REQUIRED WORK – Would you restate the listing word for word, with the images omitted?

DATA PROVIDED –
- Opening Delimiter -

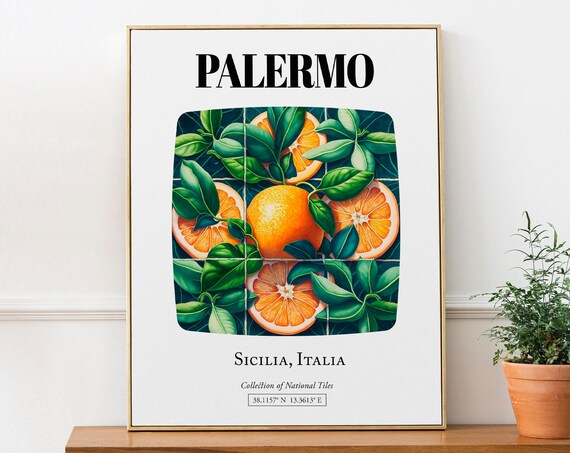 Palermo Sicilia Italy Tile Pattern Travel Poster
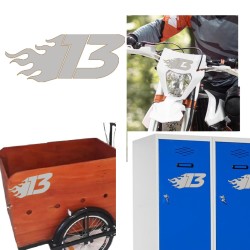 Numero 13 racing fire, pegatina de vinilo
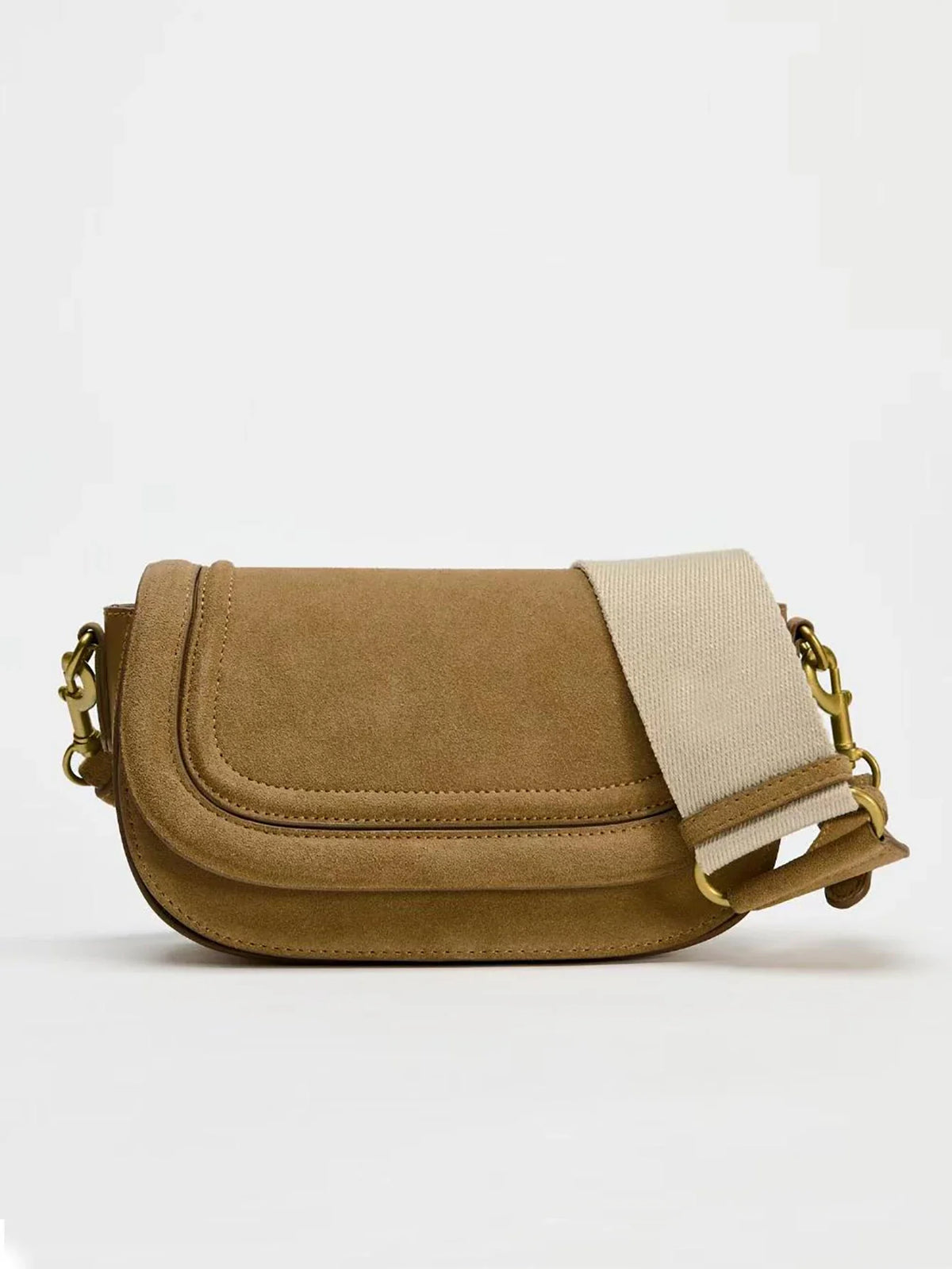 Women's Tan Shoulder Bag, Minimalist Suede Crossbody Purse, Small Vintage Saddle Bag with Adjustable Long Strap for Casual Everyday Use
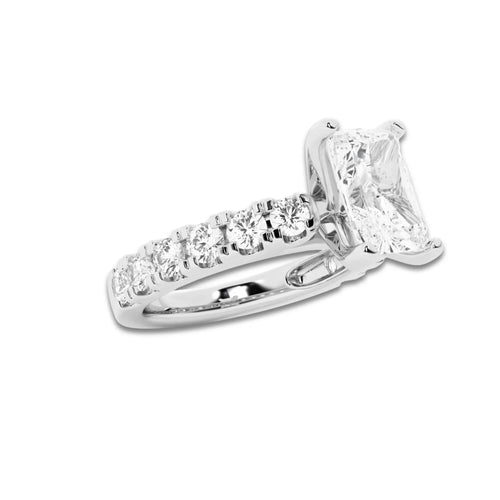 3.00 ctw Radiant Lab-Grown Diamond Split-Prong Set Side Stone Engagement Ring in 14K White Gold for Women | Colorless E, VS1 Clarity, IGI Certified 2.00 ct Center Diamond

- Closing Delimiter -

ANSWER BELOW –
 Palermo Sicilia Italy Tile Pattern Travel Poster
 Numero 13 racing fire, pegatina de vinilo
 Women's Tan Shoulder Bag, Minimalist Suede Crossbody Purse, Small Vintage Saddle Bag with Adjustable Long Strap for Casual Everyday Use
 3.00 ctw Radiant Lab-Grown Diamond Split-Prong Set Side Stone Engagement Ring in 14K White Gold for Women | Colorless E, VS1 Clarity, IGI Certified 2.00 ct Center Diamond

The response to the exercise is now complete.